Oil and gold price prediction using optimized fuzzy inference system based extreme learning machine
Sudeepa Das,
Tirath Prasad Sahu and
Rekh Ram Janghel
Resources Policy, 2022, vol. 79, issue C
Abstract:
Crude oil price has a large influence on global environment and economy of the country. Similarly, gold price has also impact on economy and it reflects the economy strength of a country. So, the prediction of nonlinear oil and gold prices is the most prominent and arduous factor. In this work, Cluster-based Quasi oppositional based Crow Search Algorithm (CQCSA) optimized Extreme Learning Machine-Fuzzy Inference System (ELMFIS) is proposed for oil and gold price prediction. The consolidation of FIS with ELM is established with benefits of better capability to handle nonlinear data and improved adaptation. The relevant parameters of ELMFIS are elected by CQCSA technique. The CSA algorithm is modified to CQCSA by converting the drawbacks of CSA into the capability to solve a complex problem with high dimension efficiently. The proposed learning algorithm performance is compared with CSA ELMFIS, ELMFIS, ANFIS and ELM models by conceding the performance measures and hypotheses tests.
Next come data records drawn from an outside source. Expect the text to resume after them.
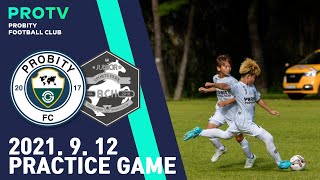 [2021 MATCH] U11 FC프로비티 vs 백천유소년⚽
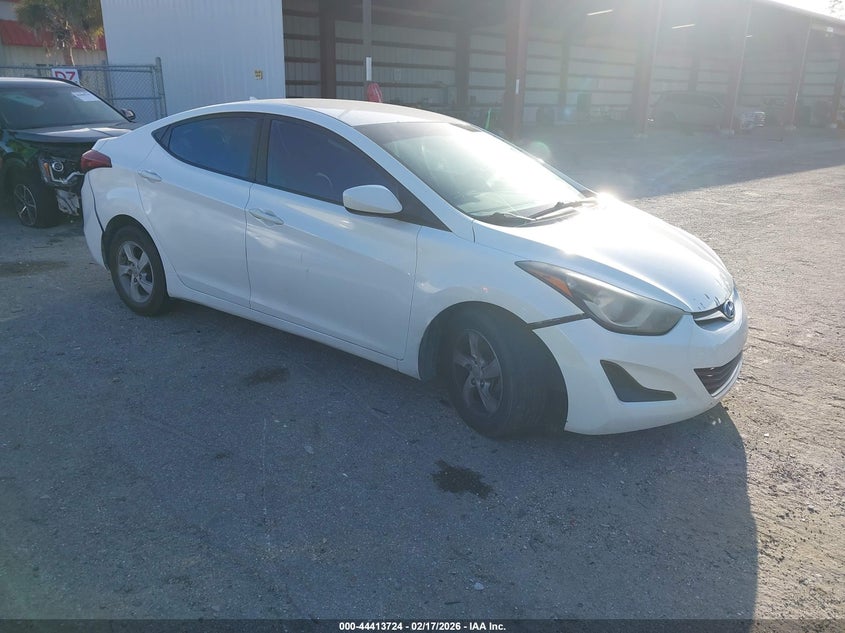 2014 Hyundai Elantra Se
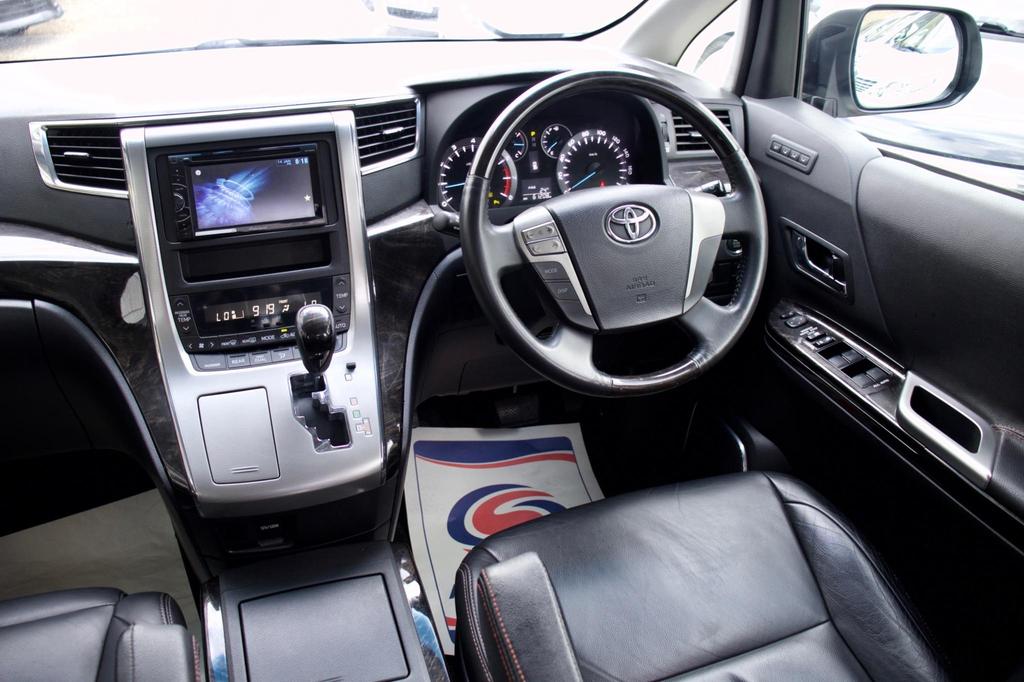 
								2014 Toyota Vellfire 2.4L Premium Modellista – £2000 full									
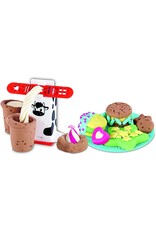 HASBRO HAS E5471 PLAY-DOH KITCHEN CREATION: MILK 'N COOKIES SET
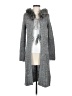 VERTIGO Gray Cardigan Size XS - photo 1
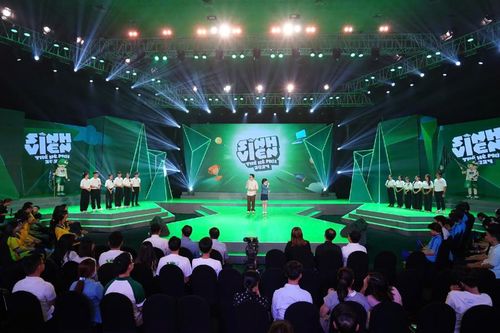 'Sinh viên thế hệ mới 2024' khuyến khích sinh viên sống trọn sức trẻ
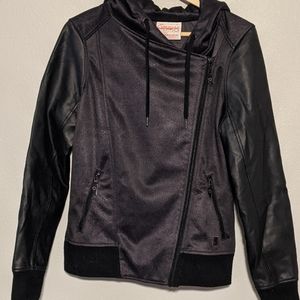 Empyre zip up hoodie size large womens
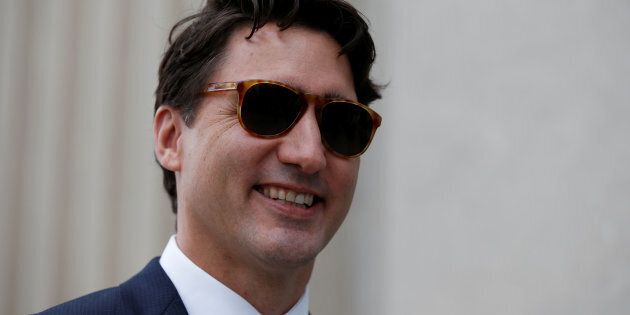Prime Minister Justin Trudeau released a summer playlist via Spotify.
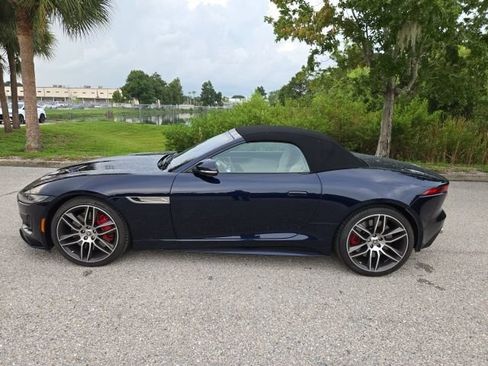 Used 2024 Jaguar F-TYPE R-Dynamic RWD image 1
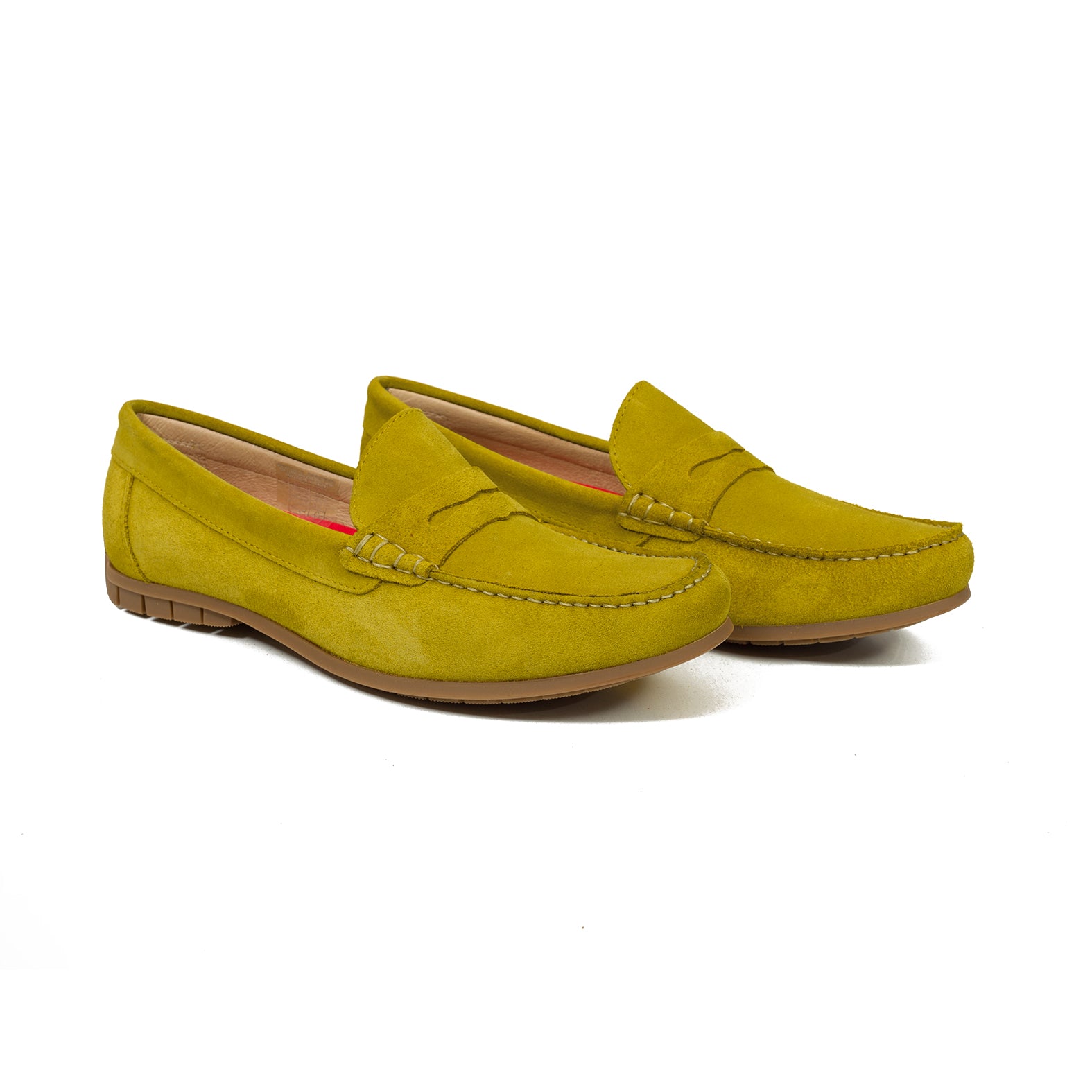 ANTIFAZ – Mocasín de hombre AMARILLO con antifaz - miMaO ShopOnline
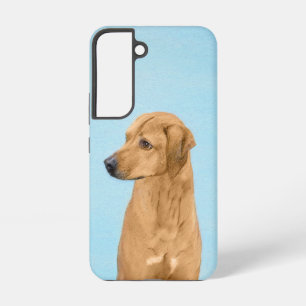 Coque Samsung Galaxy Peinture de Ridgeback Rhodésien - Art Original de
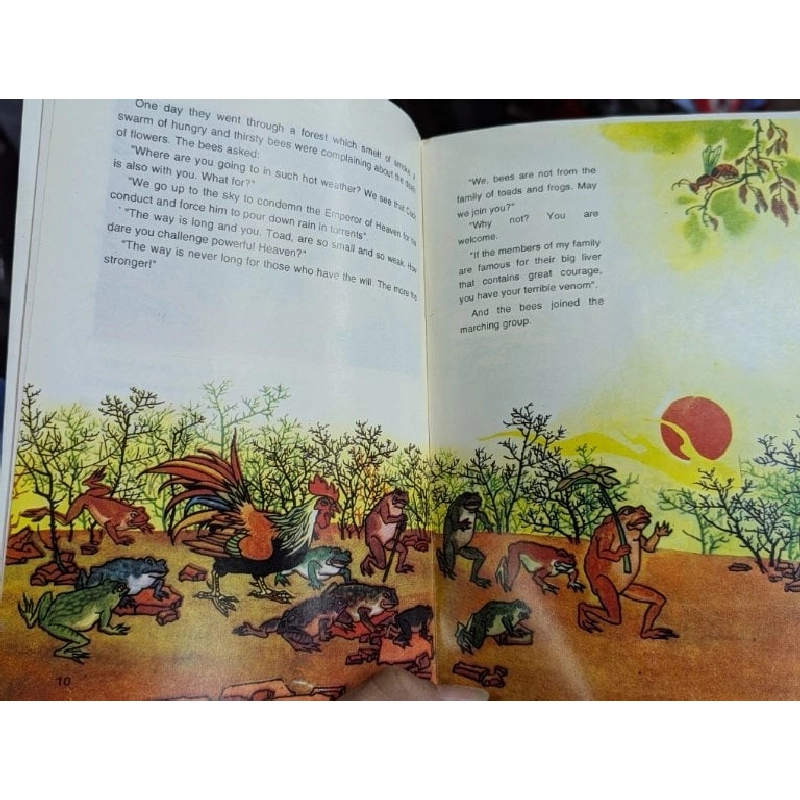 The toad the uncle of the heaven - Huu Ngoc 326721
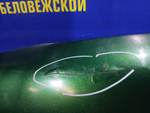 Капот MAZDA MPV 1997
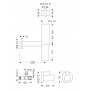 Сифон для раковины Hansgrohe Flowstar 52120000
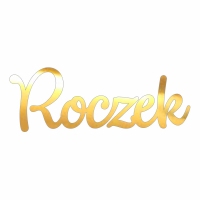 Topper na bok tortu - Roczek (253LZ)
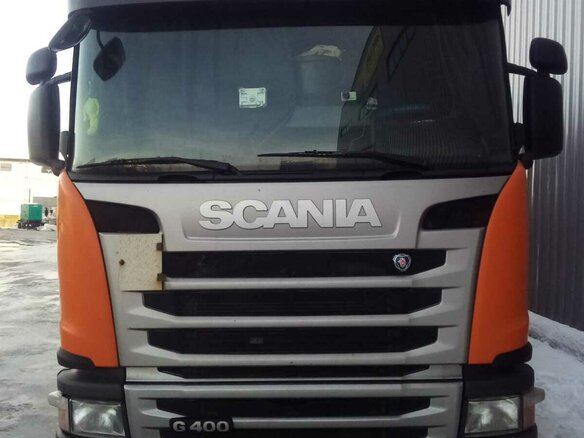 2018 Scania G-series, оранжевый, 10300000 рублей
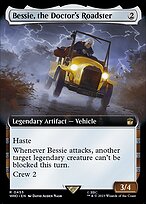 Bessie, the Doctor's Roadster — Doctor Who 455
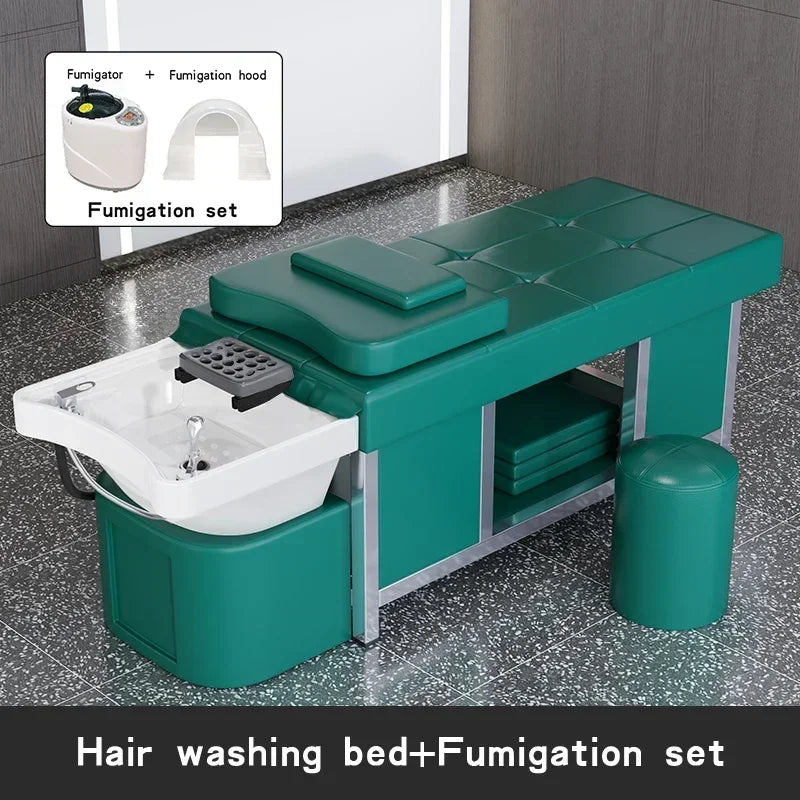 Massage Shampoo Bed for Salon Spa Water Therapy - Ergonomic Design Massage Chairs 1 Tidesmit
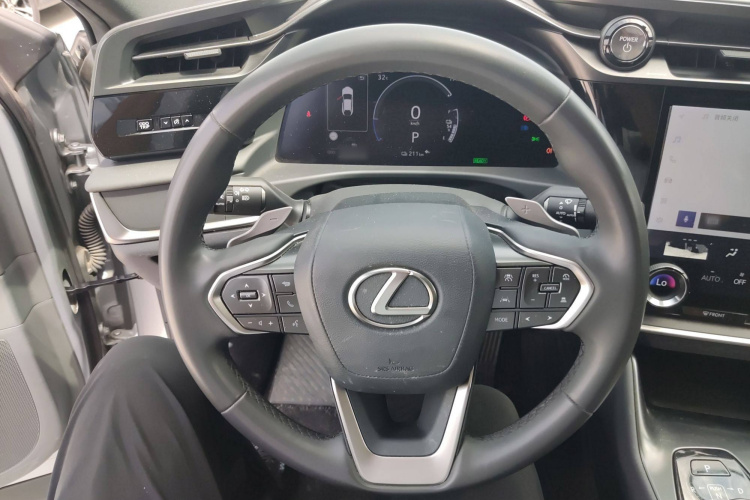 雷克萨斯RZ 2023款 450e 四驱纵行版局部细节13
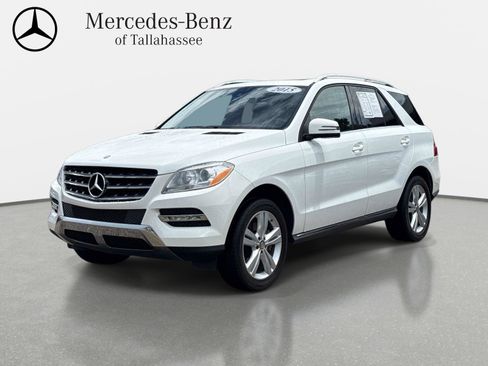 Used 2015 Mercedes-Benz ML 350 4MATIC image 1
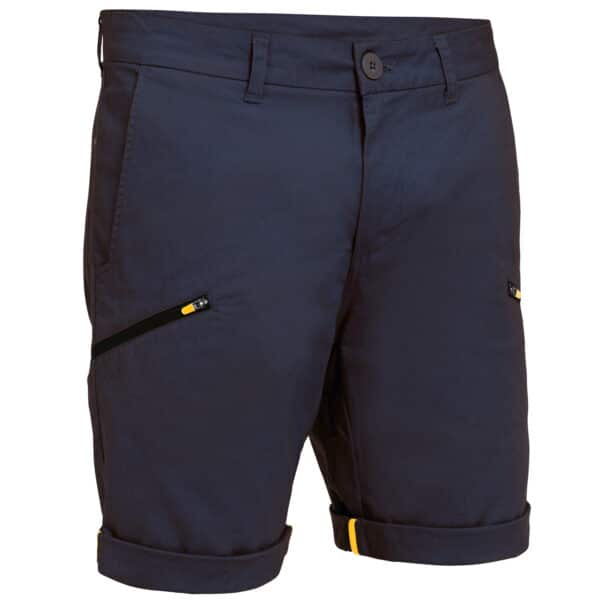 Segelshorts Bermuda Herren 100 marineblau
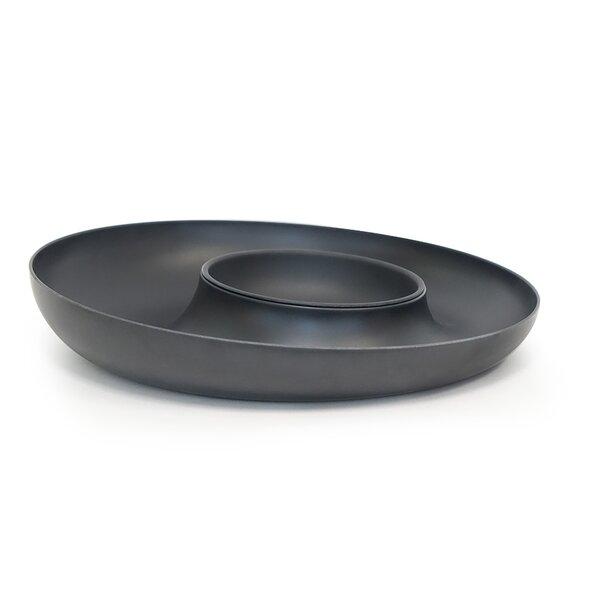 Cushing 2 Piece Chip and Dip Platter Set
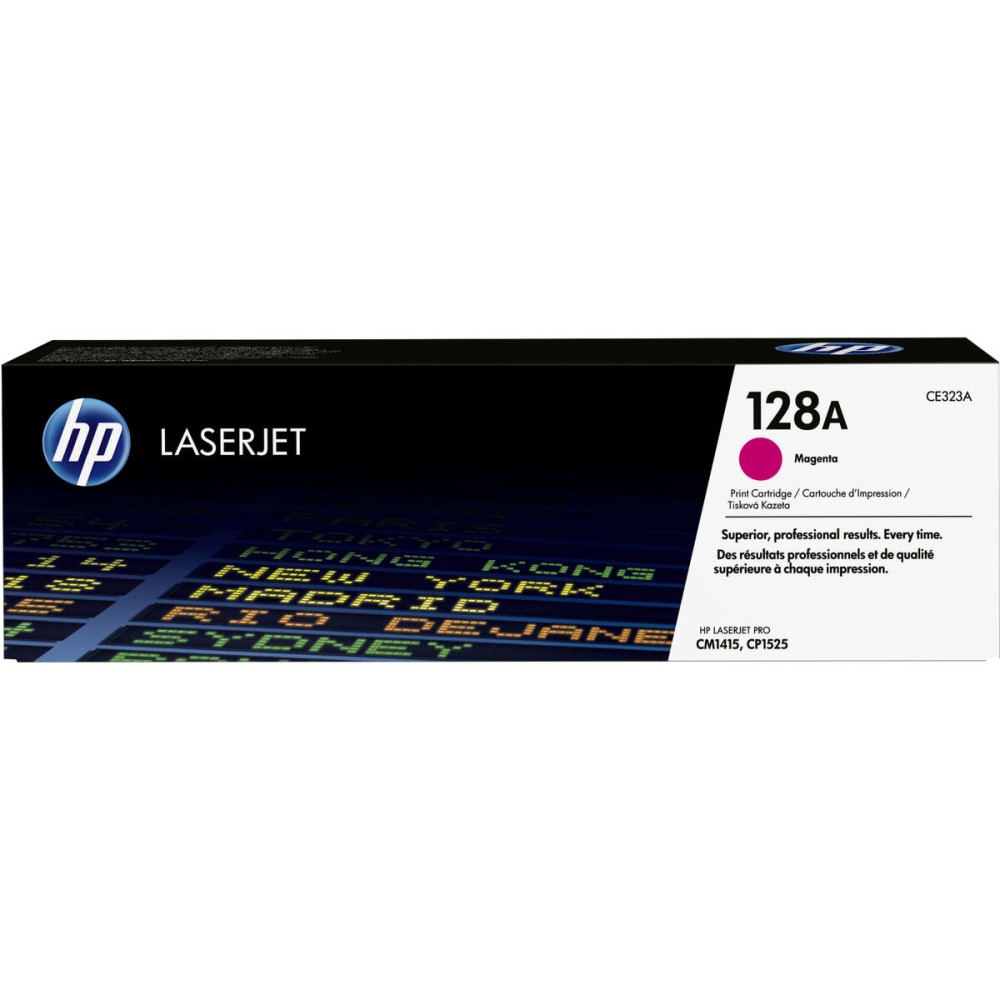 Toner original HP 128A Jaune Magenta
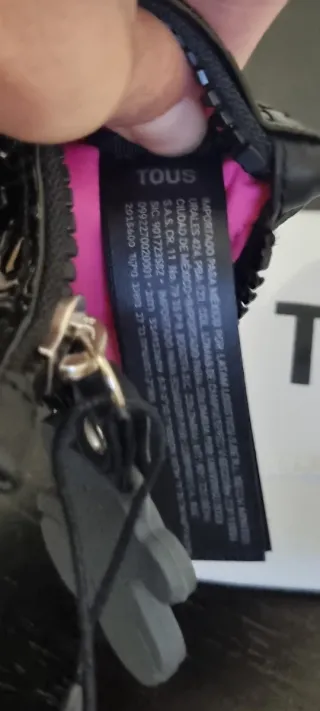 Cartera Tous Negra Nueva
The result suggests that the proposed predictive model can be a promising technique to predict and analysis of oil and gold price.
Keywords: Oil and gold price forecasting; Metaheuristic; Fuzzy inference system; Extreme learning machine; Optimization technique; Crow search algorithm (search for similar items in EconPapers)
Date: 2022
References: View references in EconPapers View complete reference list from CitEc
Citations: View citations in EconPapers (1)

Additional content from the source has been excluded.